Paragraph 2- Even if the handwriting was verified in court, it only has the status of an oral loan in front of witnesses and if the borrower confesses, the lender cannot collect from inheritors or buyers but only from the borrower. If, however, the borrower claims he paid back, he would be believed and would take a heses oath and be exempt. The lender cannot say what is your document doing in my possession because the borrower was not afraid to leave it there considering it is not a formal document. If the borrower confesses on a portion of the debt, he would take a biblical oath. If the borrower denies the loan and says this is not his handwriting and the handwriting was verified in court or witnesses testify that it is his handwriting, the borrower is established as a liar and he must pay. If it has not been verified, the borrower would take a heses oath and be exempt. There are those that say that a borrower cannot claim he paid back on a handwritten obligation. In such a case, a judge can only judge based on what he observes. If the borrower claims that this is indeed his signature but he never signed on a loan confession, and that he forgot and signed his name at the end of a document and it’s possible this plaintiff found it and wrote on top- this claim would only work where he claimed he definitely did not sign ever sign his name; if, however, he is unsure, it would not work- or the borrower claims my confession was written in the event I were to borrow but I never ended up borrowing, the borrower would be believed with a heses oath because he has a migu that he could have claimed he paid back. If the writing contains a believability clause and his signature was verified, the borrower is not believed to say he paid back because had he paid back he would never have left the writing in the lender’s possession due to the believability clause. If his signature was not verified and he claims he paid back, he would be believed with a heses oath. See later in 126:13-14 regarding whether he is believed to say he erred with a migu that he could have claimed he paid back.

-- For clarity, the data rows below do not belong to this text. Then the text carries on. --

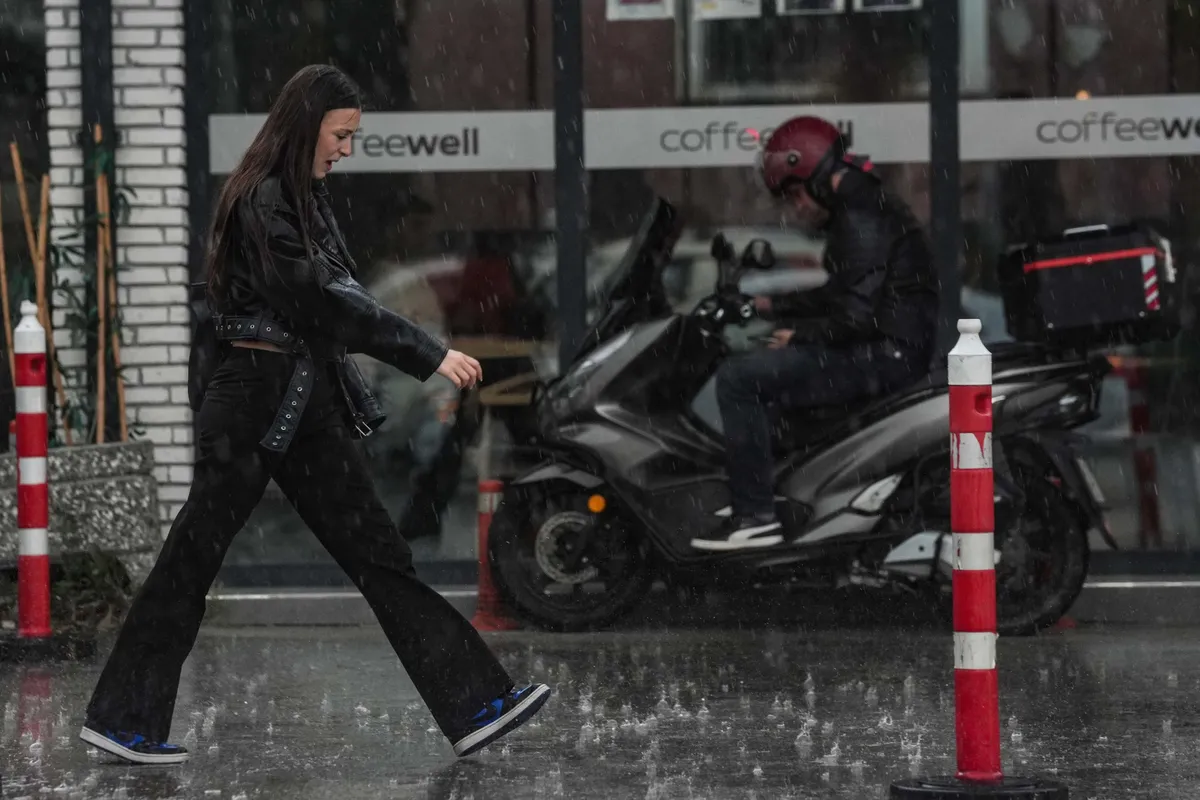 Balkanlardan yağışlı hava geliyor: İstanbul ve Ankara da listede! Sıcaklıklar 10 derece düşecek-10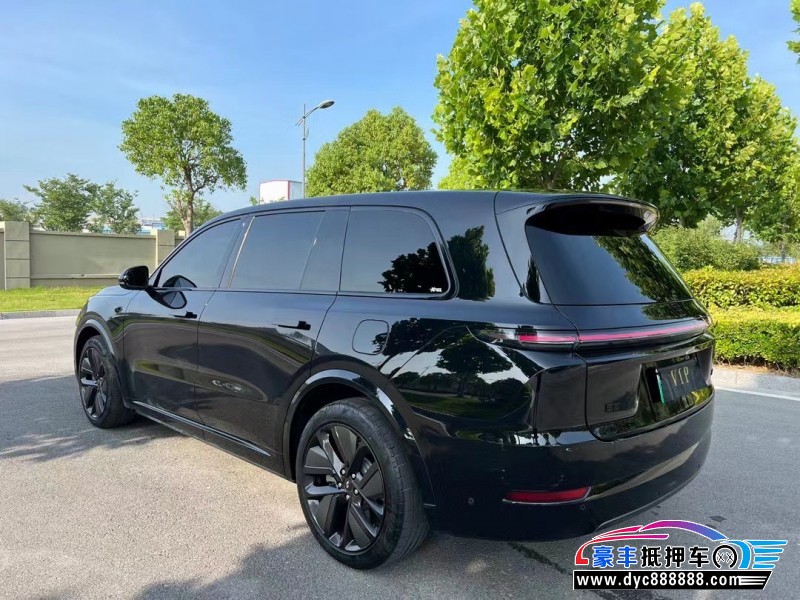 23年理想L9轿车抵押车出售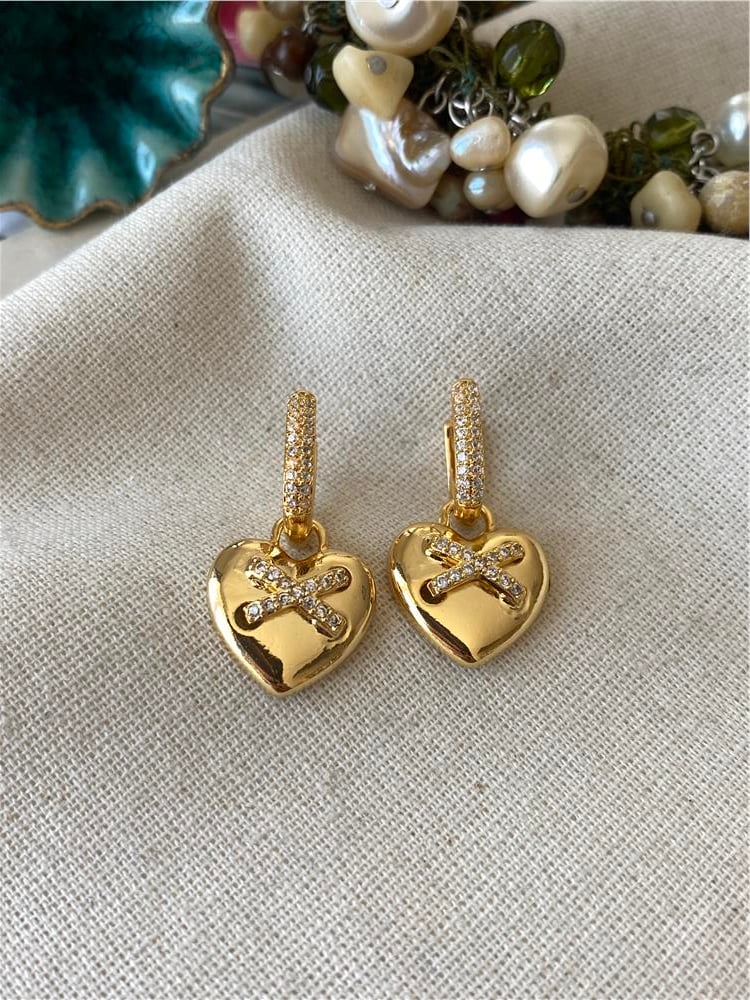 Özel Seri Cross Heart Küpe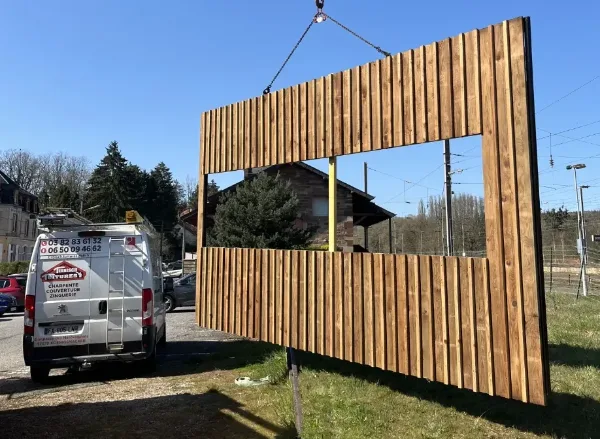 Panneau de bardage amovible en sapin traité classe 4 pour le drive fermier de Sierck les Bains Panneau de bardage amovible en sapin traité classe 4 pour le drive fermier de Sierck les Bains
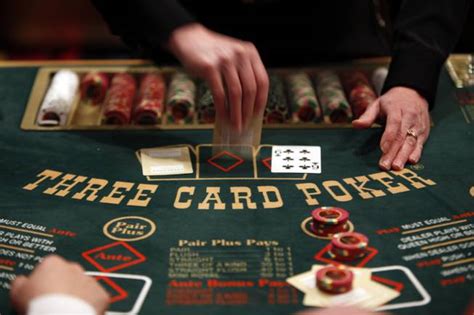 The game is played with a single deck. Man wins nearly $1.5 million jackpot playing Three Card Poker - Las Vegas Sun Newspaper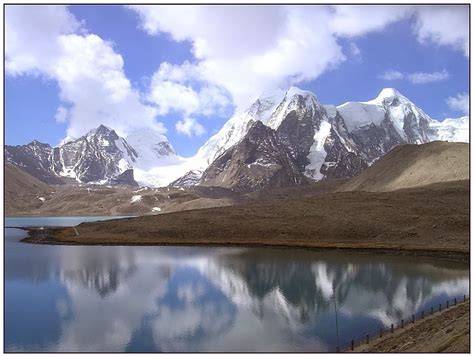 Dooars Ecoviillege: Gurudongmar Lake One of the Highest Lakes in the World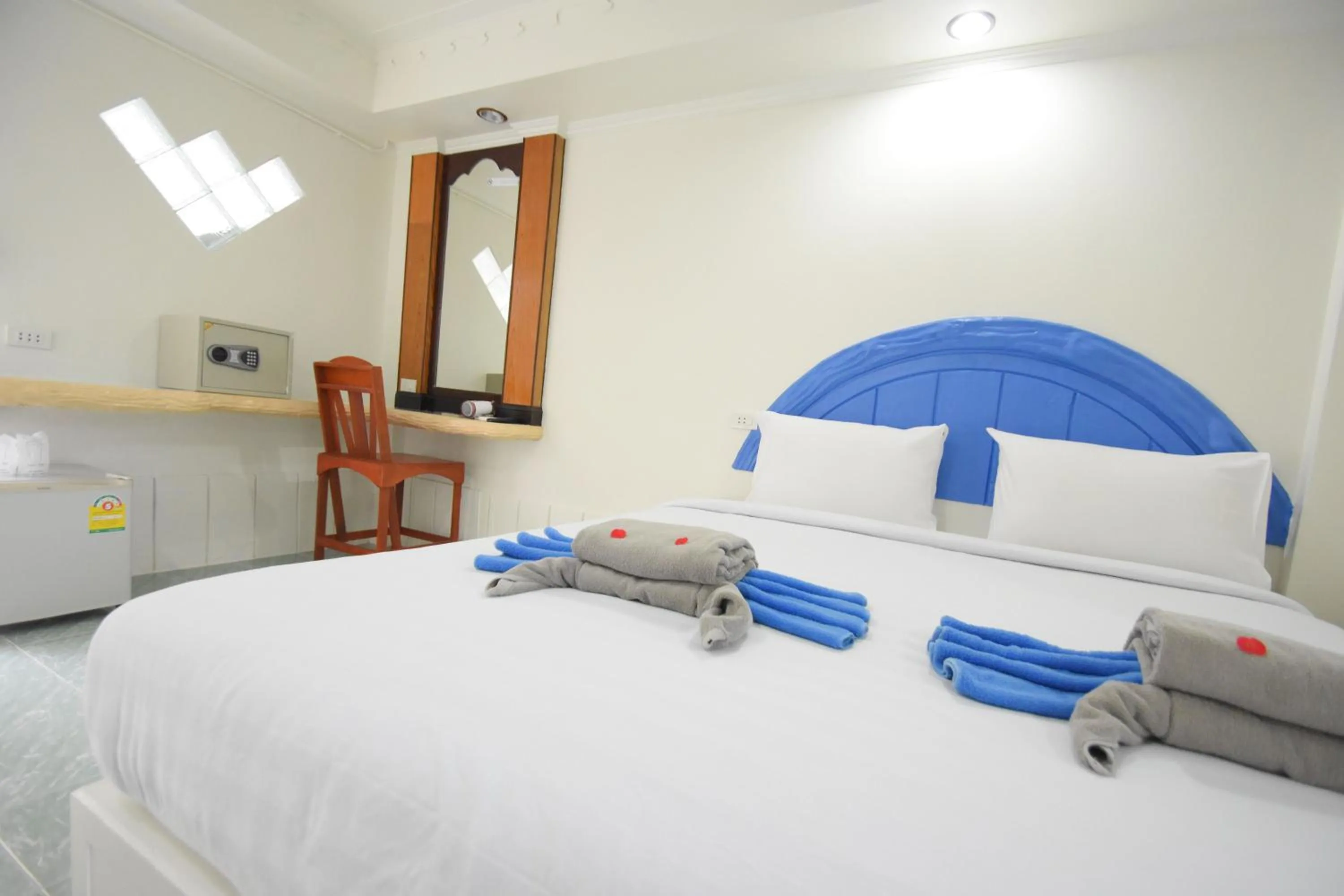 bunk bed, Bed in Simple Life Talay & Divers Resort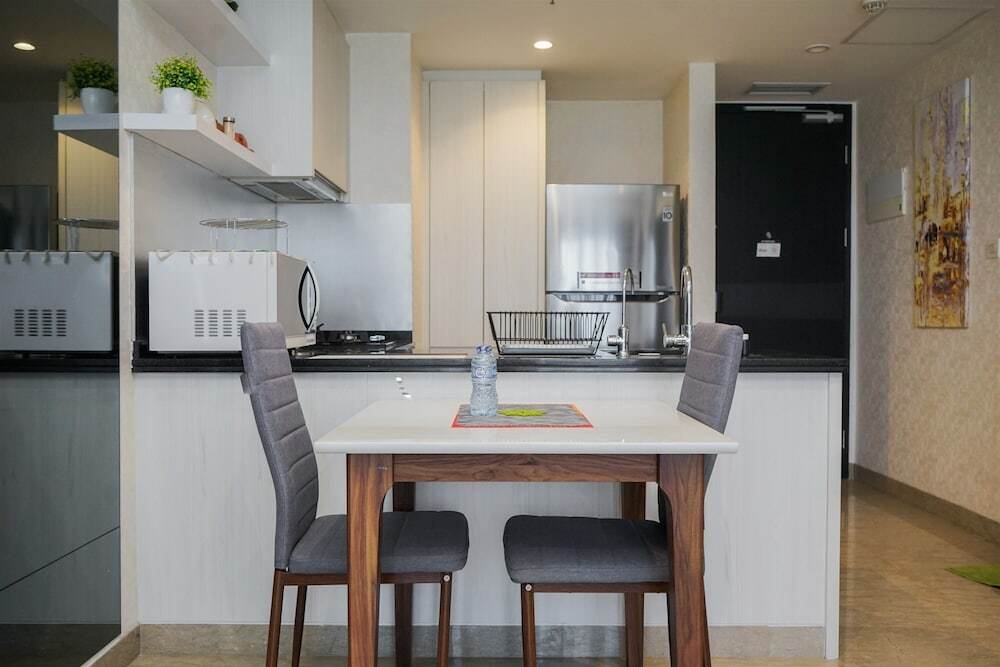 Legok: Minimalist And Cozy 1Br At Branz Bsd City Apartment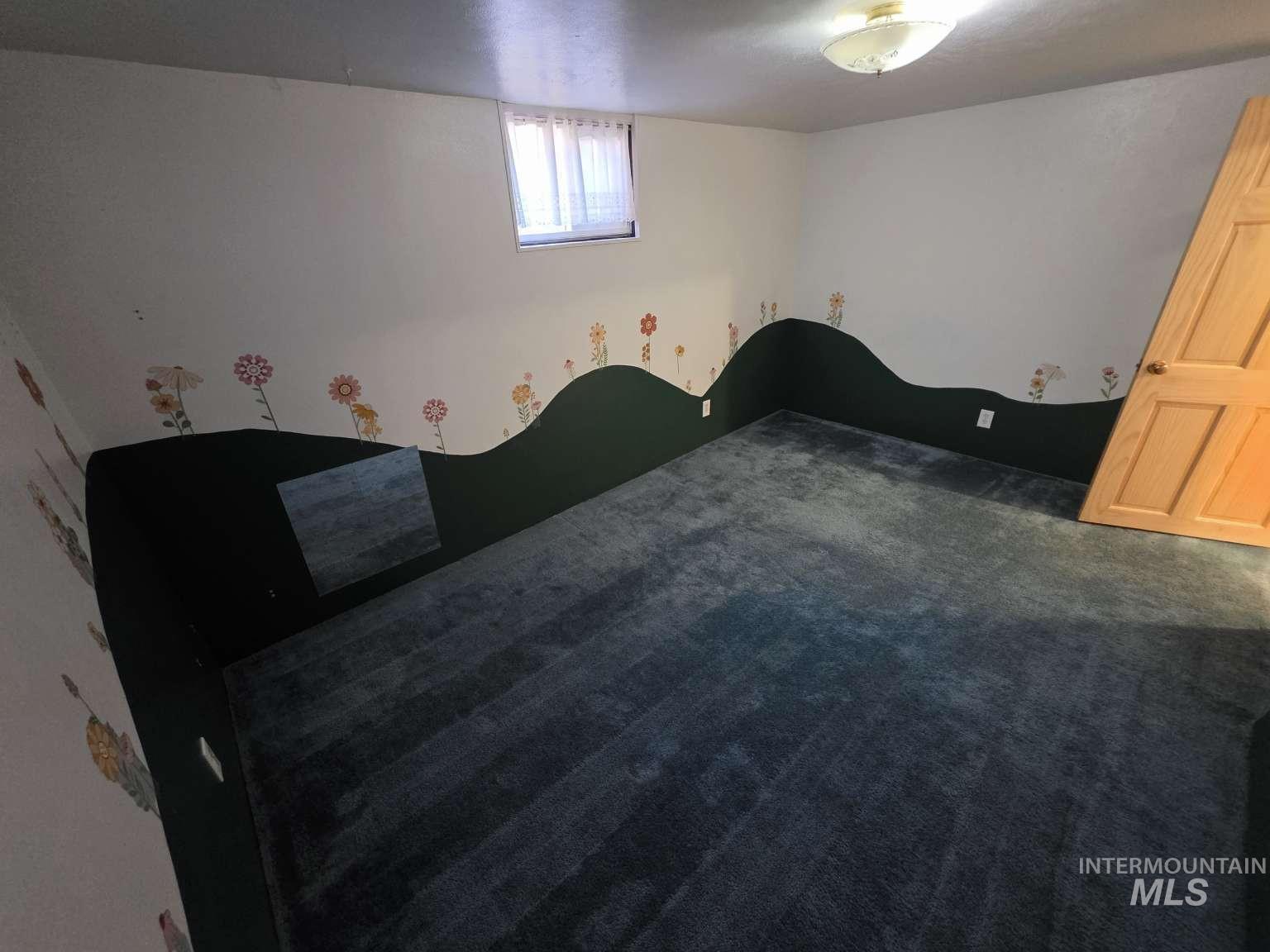 1909 Granada Dr, Twin Falls, Idaho 83301, 7 Bedrooms, 3 Bathrooms, Residential For Sale, Price $539,000,MLS 98989447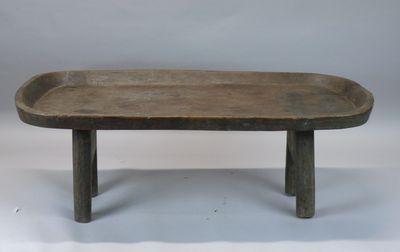 une vieille table en bois avec un plateau en bois sur fond blanc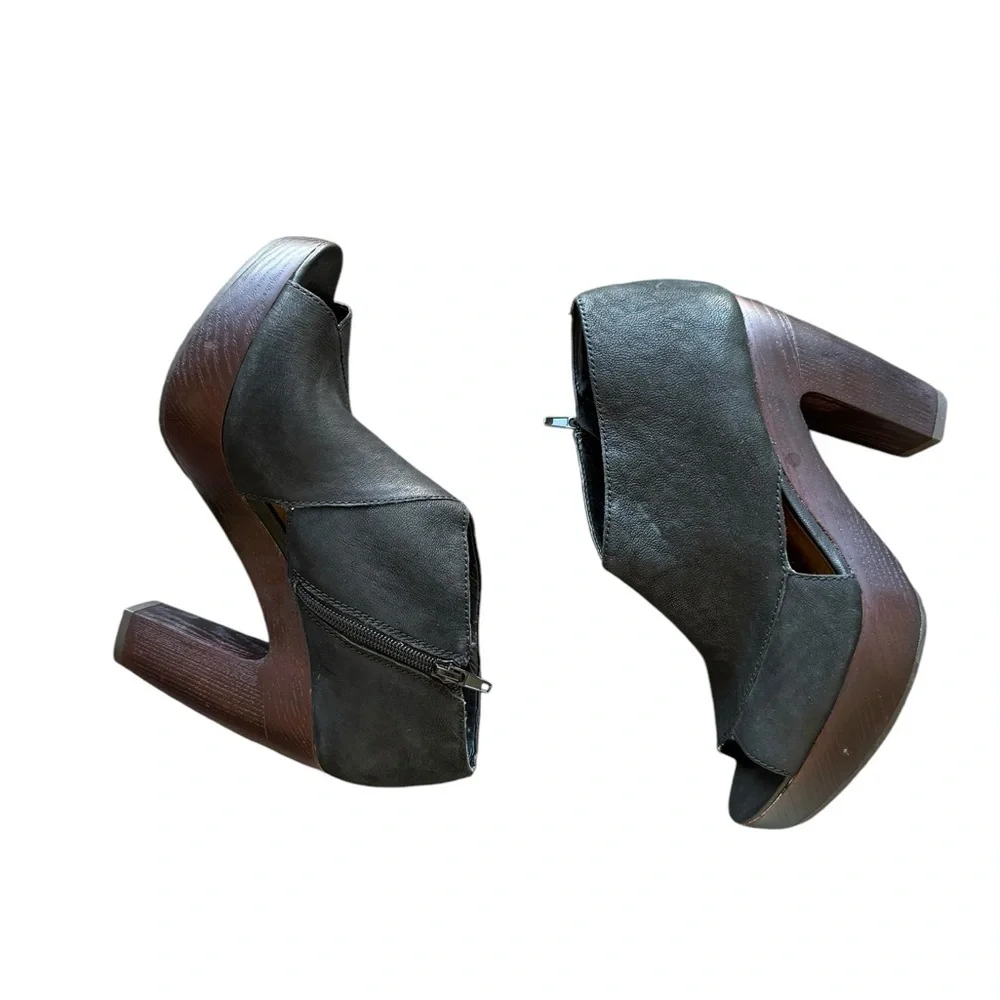 Lucky Brand Black Leather Wood Platform Shoes
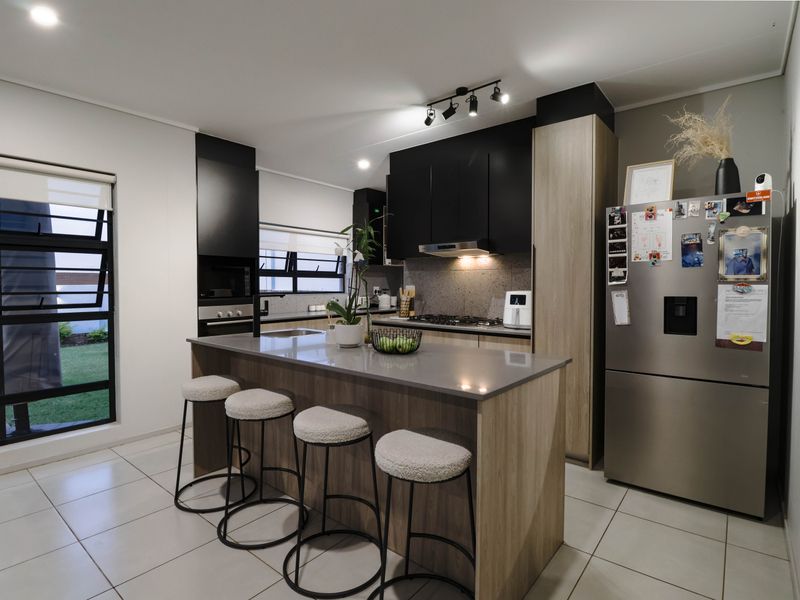 Bidding to start from R1950000!! Live Luxury Auction! Modern Upscale Family Home in Lifestyle Estate - Photo 8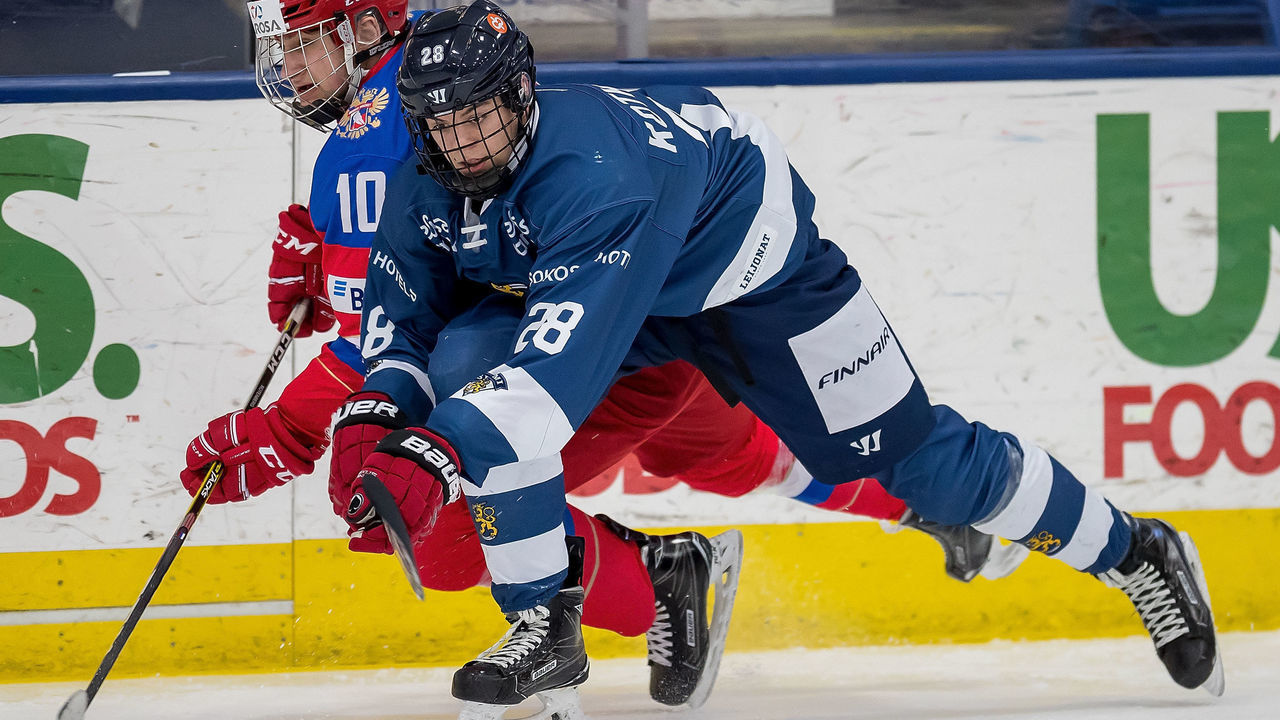 PLYMOUTH, MI - FEBRUARY 14: Jesperi Kotkaniemi #28 of the Finland Nationals battles for the puck with Pavel Rotenburg #10 of the Russian Nationals during the 2018 Under-18 Five Nations Tournament game at USA Hockey Arena on February 14, 2018 in Plymouth, Michigan. Russia defeated Finland 4-0. *** Local Caption *** Jesperi Kotkaniemi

Paragraph 3-If a handwritten letter was signed by witnesses after the borrower’s signature to verify the incident, but not the signature, the borrower would not be believed to say he paid back.

Paragraph 4-If the parties had signed on a ledger and a solo witness signed with them, the party is not believed to say he paid back so long as the ledger in his adversary’s possession.

Paragraph 5- If one produces the handwriting of a borrower against the borrower’s inheritors, we would claim on behalf of the inheritors that it may have been paid back, even if the inheritors admit that it is their father’s handwriting, and they would even be exempt from the inheritor-oath. We would, however, put a general cherem in the presence of the inheritors if any person is aware that their father did not pay back the debt. This is the primary ruling, not like those that disagree and say that the borrower’s inheritors need to swear that they are not aware that their father is still in debt. Nevertheless, the later generations have the custom to be stringent on the inheritors and have them swear if there is some basis to the matter and we are in doubt whether he owes the money. If it is prior to the due date of the debt, the obligated party confessed and instructed while sick that he owes the lender such and such amount in the handwritten debt or if a nidui was placed on the borrower to compel him to pay and he died while still in nidui, the borrower can collect from them because they admit it is their father’s handwriting or their father’s handwriting was verified. If they do not admit that it is their father’s handwriting and their father’s handwriting has not been verified, they would be exempt even if it was prior to the due date. We would, however, place a general cherem in the presence of the inheritors on any person that know that their father owed this debt and did not pay back. If, however, they placed a nidui on the borrower and he died while in nidui, there is no distinction and they would be obligated to pay in all cases.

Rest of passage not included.